We hear many things about R4C's (and other receivers), we certainly enjoy talking about how good our receivers are. Unfortunately most talk centers around hearsay, useless parameters, or very subjective "feel good" reviews.
The only readily available detailed measurements come from ARRL and RSGB reviews. While the ARRL and RSGB generally do a good job of reviewing equipment, they unfortunately publish somewhat meaningless wide-spaced data in receiving tests. Even with excellent wide-spaced performance, close-spaced performance can be horrible!
Worse yet, reviews push important data back to the "expanded reports" and the data generally available to the casual non-technical reader is most "fluff and feel-good exaggerated hype". We can read that in advertisements, we don't need to see it in an independent review. The single worse review I ever read, outside of reviews in magazines that actually don't test the radios, was the IC-7800 review in QST. That review should go down in history as a way to NOT write a review. A person using the IC-7800 actually wrote the 7800 worked much better than a receiver he never even compared it to! How can a person know one receiver works better than another receiver, unless they have them side-by-side listening to the same signals at the same time? Another comment was he "seemed to hear" clicks and QRM further away than normal (although he didn't have both receivers up at the same time), and the fact he had more QRM meant the receiver was so much better it could hear QRM other receivers did NOT hear!
Hey, my HQ-180 hears QRM that my other receivers don't hear. It hears BC stations that aren't really there, it hears QRM from people 10kHz up the band that isn't there on other receivers. I don't think that is a feature, but maybe I am wrong. Maybe people enjoy QRM.
Radio manufacturers, knowing magazines focus on wide-spaced performance, do only what is necessary to pass the tests and look good on paper.
Why Test at Wide Spacing?
Most manufacturers and many magazines test at wide spacing and focus on those results. I think that is wrong,. and I bet if you think about it you will agree with me.
How many of you are bothered by signals 40kHz up the band? If you have the same experience I do, it's the people 1-2 kHz away on CW and 2-10 kHz away on SSB that tear things up.
Keep this in mind! A 2 kHz IM3 test evaluates performance with unwanted signals two and FOUR kHz away. A 20 kHz test checks for problems with a signal twenty and FORTY kHz away.
When we have on-the-air interference problems working weak signals, it is almost always with stations a few kHz or less away. Why would most of us care about a test or data at 20kHz or wider, when the bothersome signals are a few kHz up or down from us? Wide-spaced tests inflate performance, and gives us meaningless numbers for real-world performance.
Wide-spaced testing only evaluates RF amplifier and first mixer performance. Common design problems are easily and often missed when wide spacing is used. The weakest link is almost always downstream of the first mixer. There are several specific examples I can give:
1.) Receivers using DSP-based filtering systems for primary narrow selectivity.

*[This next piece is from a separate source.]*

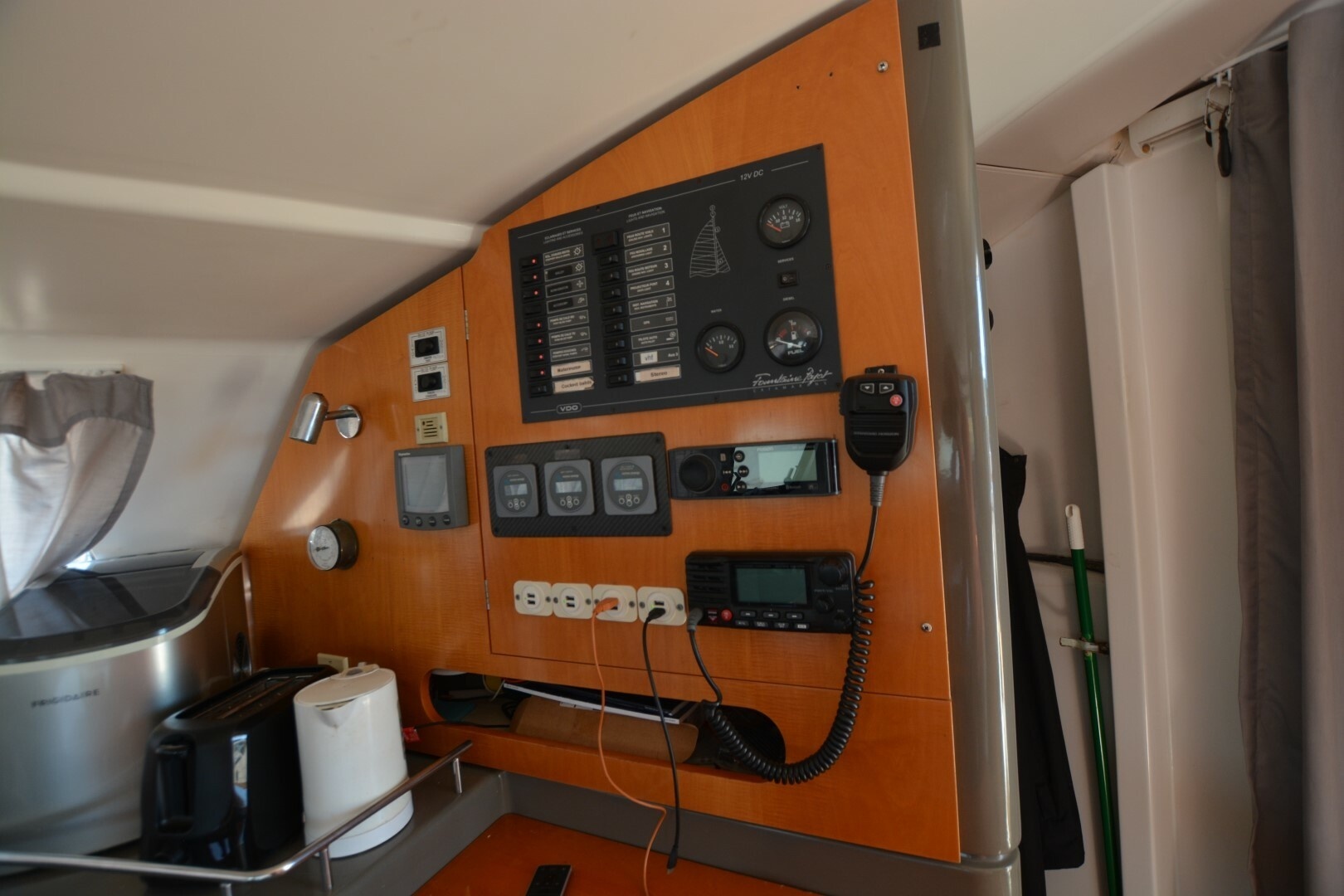 Perserverance 40ft Fountaine Pajot Yacht For Sale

2.) Receivers with poor 2nd mixer design (the R4C)
3.) Design errors in noise blankers, such as the Yaesu's noise amplifier design error
It's no wonder receivers have shown very little performance improvement over the years. Manufacturers evaluate performance on nearly useless wide-spaced measurements. They obviously only want to pass the wider test signal frequency spacing tests, because that is what we look at. Looking at 10kHz or wider tests, we all assume things are getting better. In actual use, most of our problems come from signals nearly on the same frequency, not 10kHz and especially not 50kHz away!
The only truly valid performance test is one where BOTH test signals are within the roofing-filter bandwidth. When close-spaced performance is good, wide-spaced performance is just as good or better. This is true for older radios and modern radios.
We also need to be factual in performance assessments. Too many feelings get in the way of being objective.
PIN Diode Mods
Save your money. PIN diode replacement never has changed performance in any receiver I've listened to or measured. PIN diode mods don't change distortion, blocking, noise, or any other parameter. A normal signal diode with proper bias is just as good.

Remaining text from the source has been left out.